Exercise requirements: Transcribe exactly the lines from the one containing "2, Orpington photo 3" through the end of the data, both included. Leave out pictures.

Stored dataset items:
· · · · · · ·
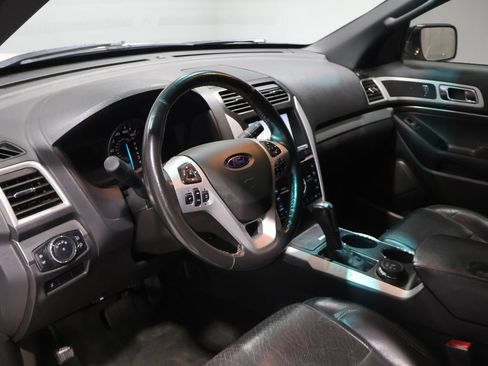 Used 2013 Ford Explorer Sport AWD/4WD image 14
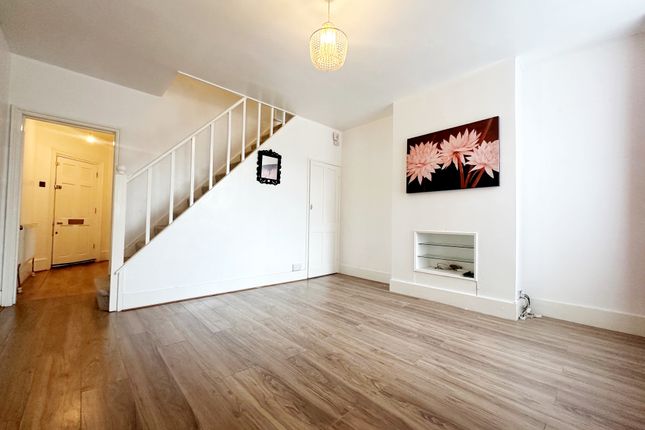 2, Orpington photo 3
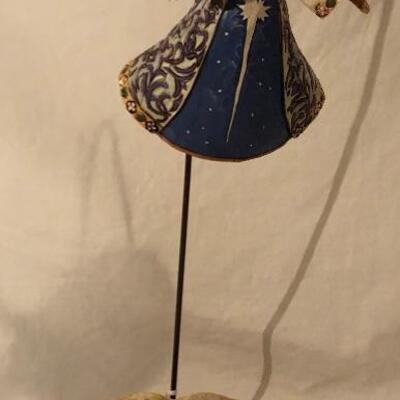 Jim Shore Nativity Angel (17" H) Bible  ( 7" x 5")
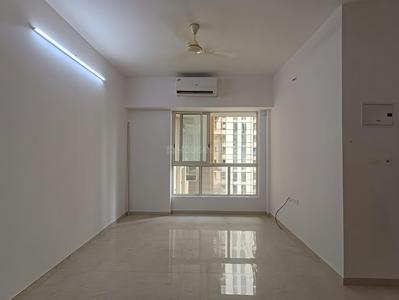 Living Room Image of 655 Sq.ft 1 BHK Apartment / Flat for rent in Lodha Amara, Kolshet Thane for Rs. 27000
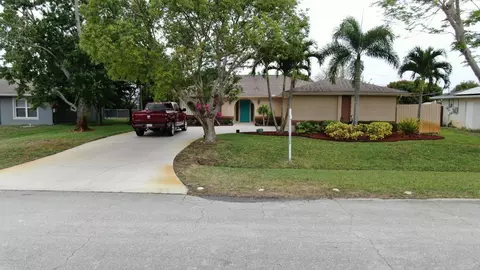 743 SElwood, Port Saint Lucie, FL 34983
· · · · · · ·
Written solution:
 2, Orpington photo 3
 Jim Shore Nativity Angel (17" H) Bible  ( 7" x 5")
 Living Room Image of 655 Sq.ft 1 BHK Apartment / Flat for rent in Lodha Amara, Kolshet Thane for Rs. 27000
 743 SElwood, Port Saint Lucie, FL 34983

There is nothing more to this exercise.